O sr. Presidente: — Tem a palavra o sr. Costa Lobo para um requerimento.

O sr. Costa Lobo: — Depois de varias considerações mandou para a mesa o seguinte requerimento:

«Requeiro que seja consultada a camara se permitte que qualquer dos seus membros possa assistir ás sessões celebradas pela commissão encarregada de dar o seu parecer sobre o imposto do consumo, e tomar parte na discussão. = 0 par do reino, Gosta Lobo.»

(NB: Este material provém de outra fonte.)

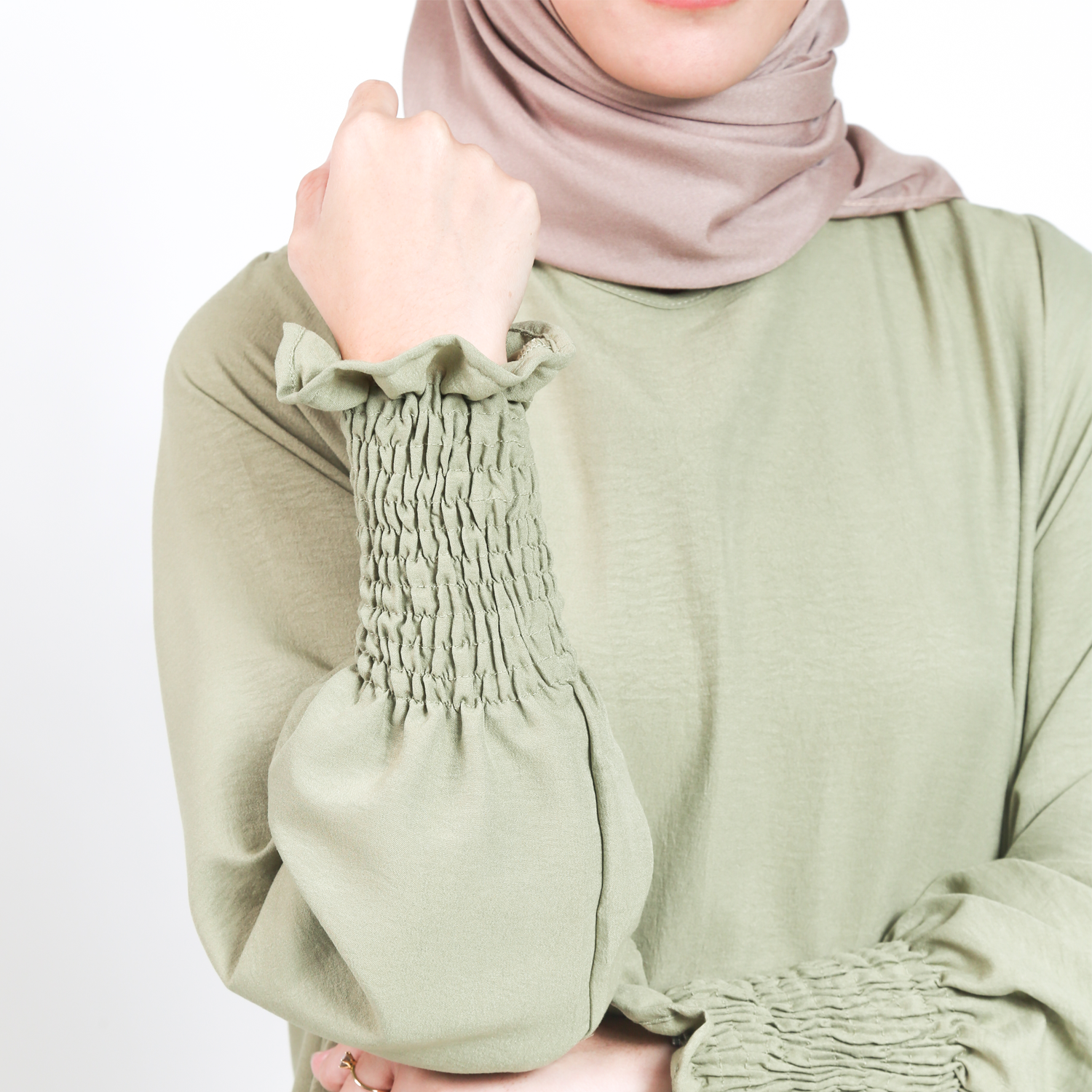 Gamis Manset Smock Crinkle - Sage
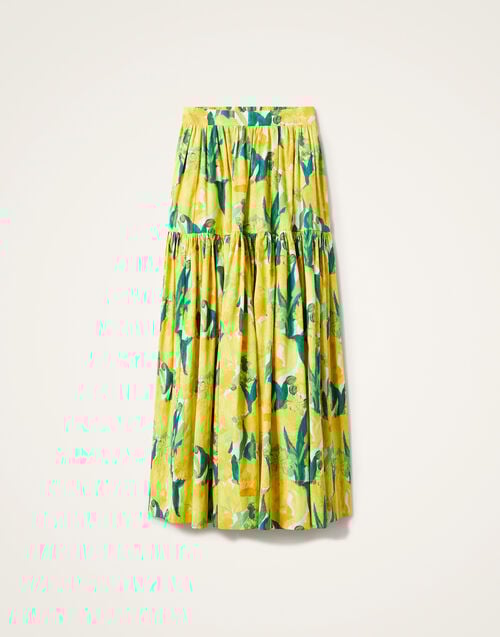 La Doublej Oscar Skirt Zesty Yellow In Summer Poplin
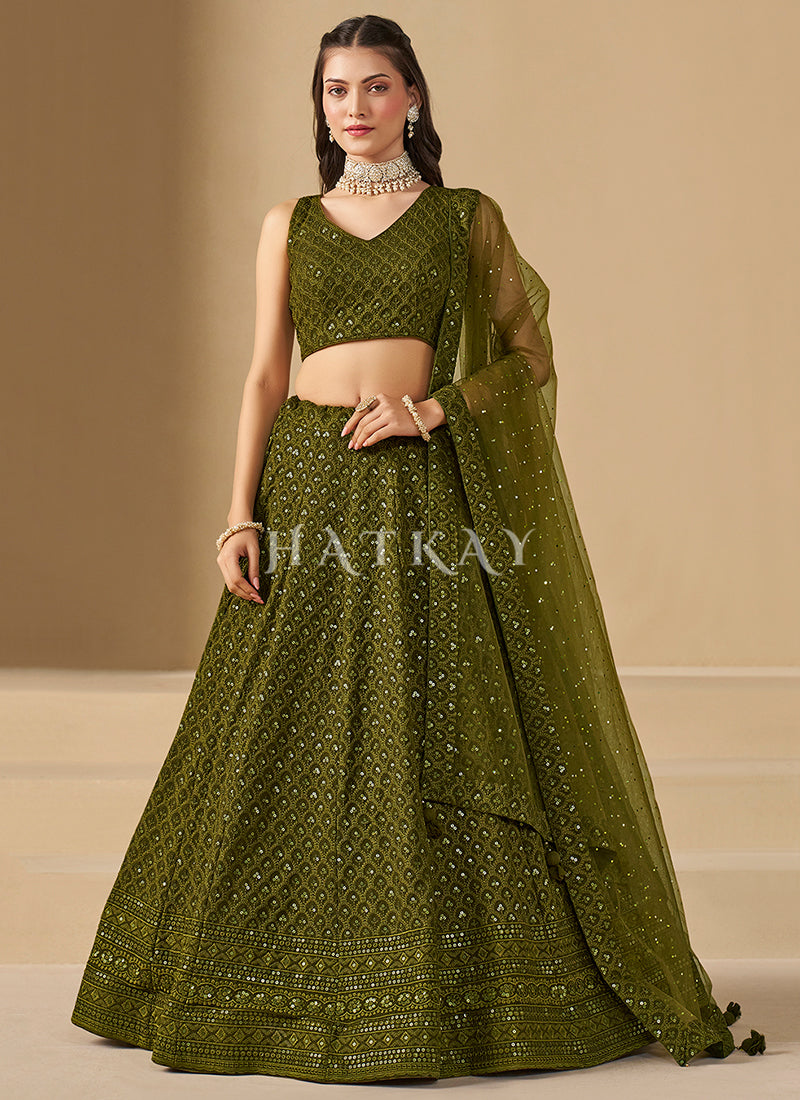 Olive Green Embroidered Party Wear Lehenga Choli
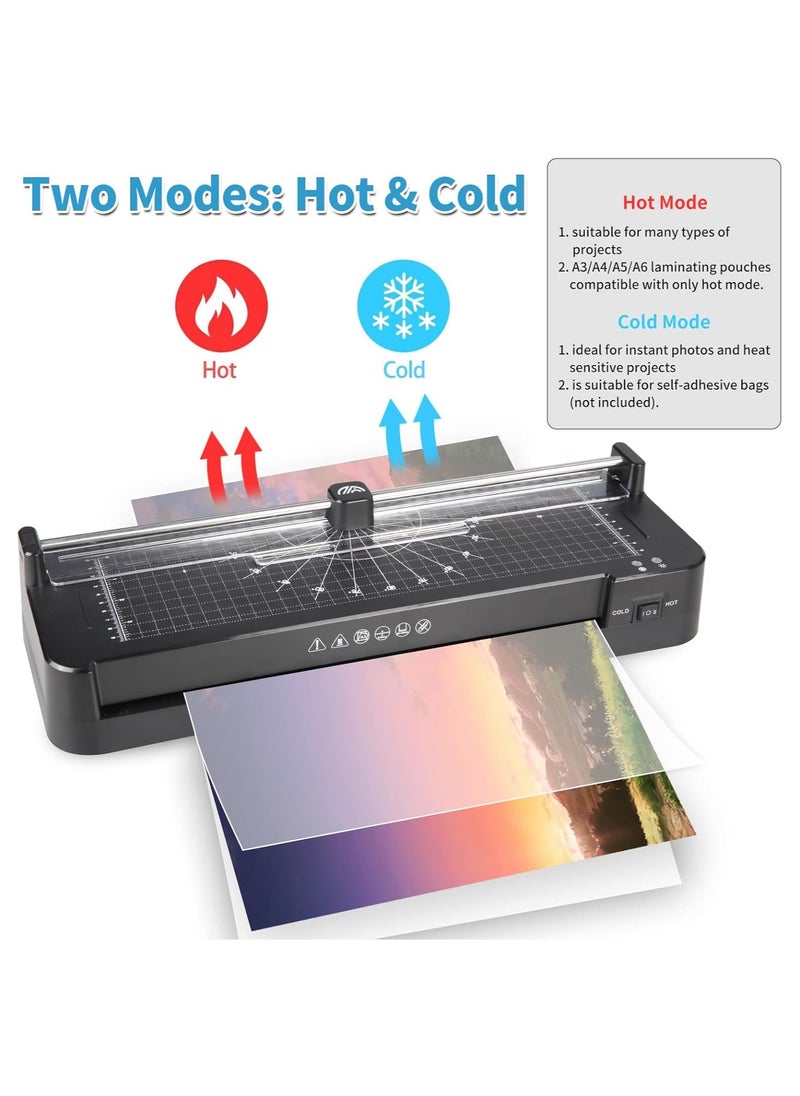 FN - FN A3 Laminator Machine – 5-in-1 Thermal Laminating Kit – 13-Inch Max Width – Hot & Cold Lamination – 90s Fast Warm-Up – 320mm/min High-Speed Laminating – 40 Pouches – Paper Trimmer – Corner Rounder – Hole Puncher – ABS Anti-Jam System – Ideal for Home, Office, School - Image 1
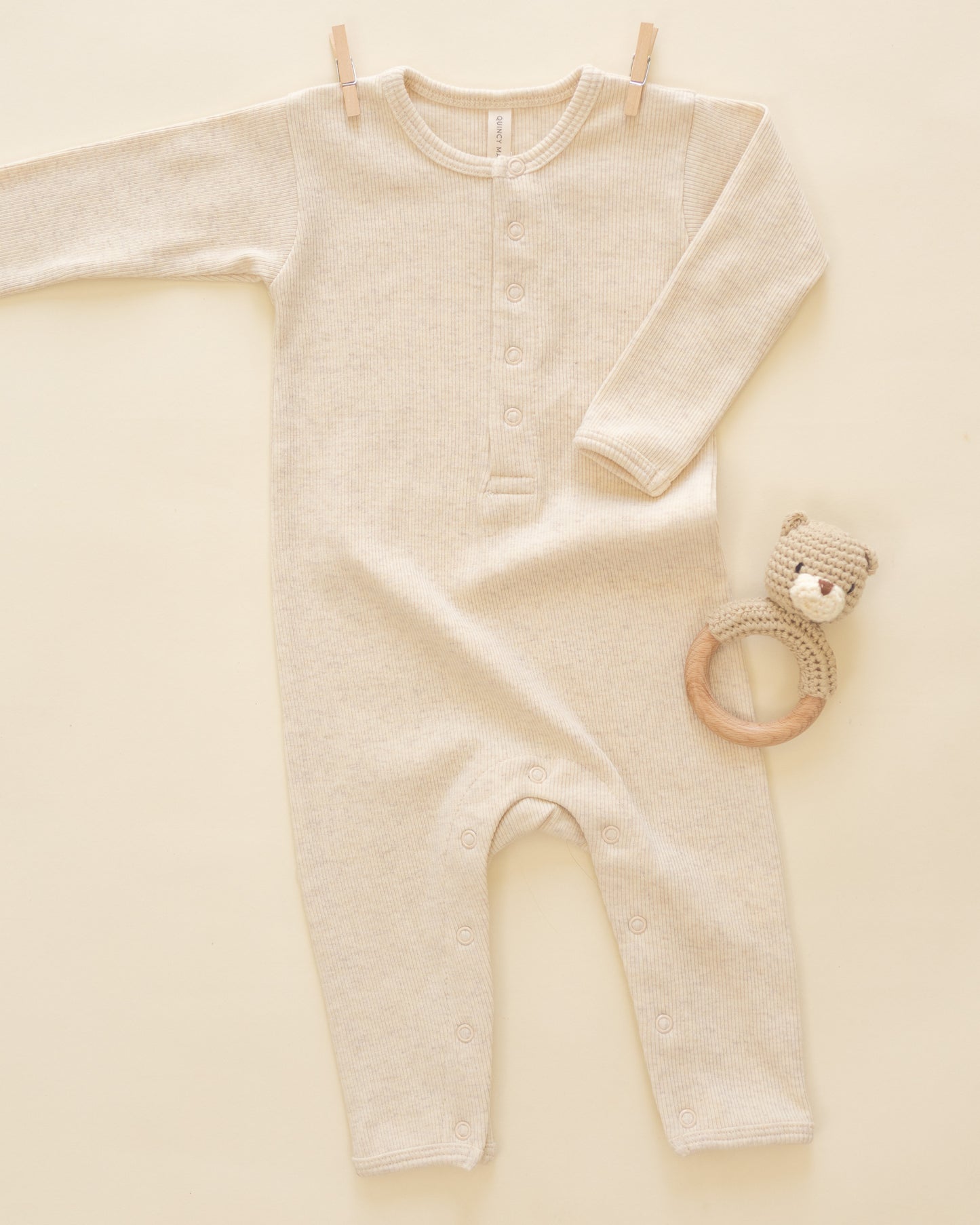 Ribbed Baby Jumpsuit || Oatmeal - Rylee + Cru | Kids Clothes | Trendy Baby Clothes | Modern Infant Outfits |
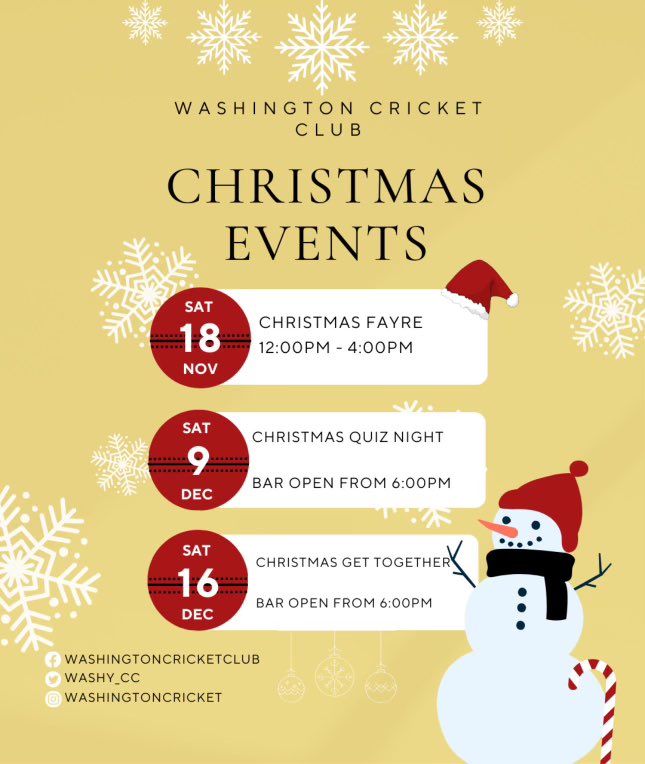 Washy_CC's tweet image. 🎄 CHRISTMAS EVENTS 🎄

Kicking off with our Christmas Fayre this Saturday 12 - 4 at Washington Cricket Club!! 

Stalls include : 

•wax melts 
•jewellery 
•pottery 
•The body shop 
•scentsy 
•candles 
•brownies
•tombolla and more! 

🎄We hope to see you there!🎄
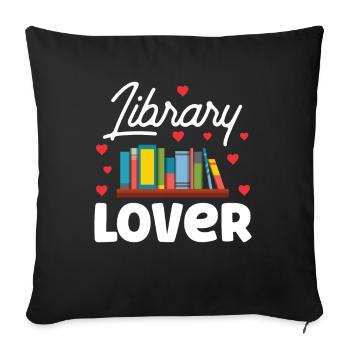 Bibliophile Bibliothécaire Livres Proverbes - Housse de coussin décorative 45 x 45 cm - noir - Devant
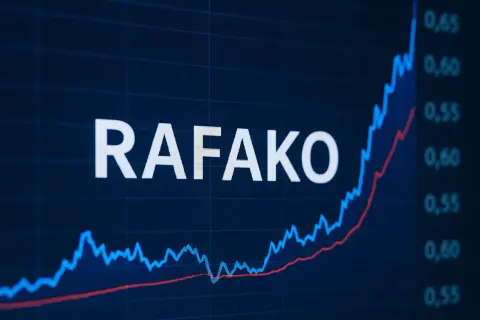 Wykres przedstawiający wzrost notowań RAFAKO. Widać dynamiczny wzrost kursu akcji, co może być dobrym sygnałem dla inwestorów.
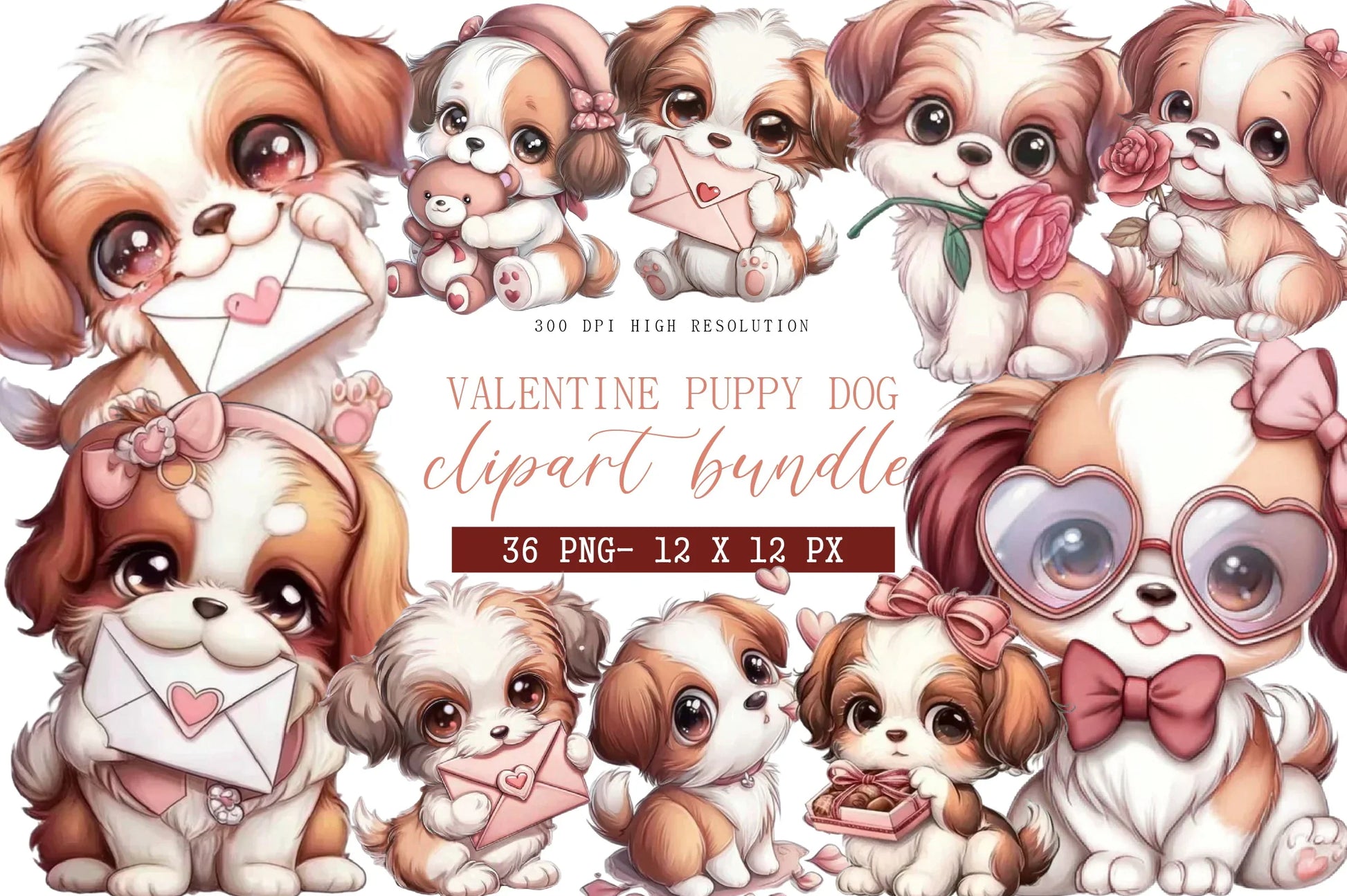 Valentine Puppy Dog Clipart Bundle - CraftNest - Digital Crafting and Art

O sr. Visconde de Chancelleiros: — O requerimento do digno par é uma proposta que deve ficar para segunda leitura, e parece-me que não póde ser votada já. Eu não posso considerar esta proposta como um requerimento, porque podem os dignos pares apresentar qualquer proposta importante com o titulo de requerimento, para ser logo votada pela camara; e por isso entendo que esta moção de ordem deve passar pelos tramites marcados pelo nosso regimento para as outras propostas.

O sr. Costa Lobo: — Sustentou a materia do seu requerimento.

O sr. Silva Cabral: — Sr. presidente, quanto á classificação do objecto do requerimento do digno par, direi que ou se chame requerimento, ou proposta, ou moção, ou indicação, é a mesma cousa, porque o regimento no artigo 37.° é muito explicito em considerar synonymos para o effeito todos estes termos (apoiados).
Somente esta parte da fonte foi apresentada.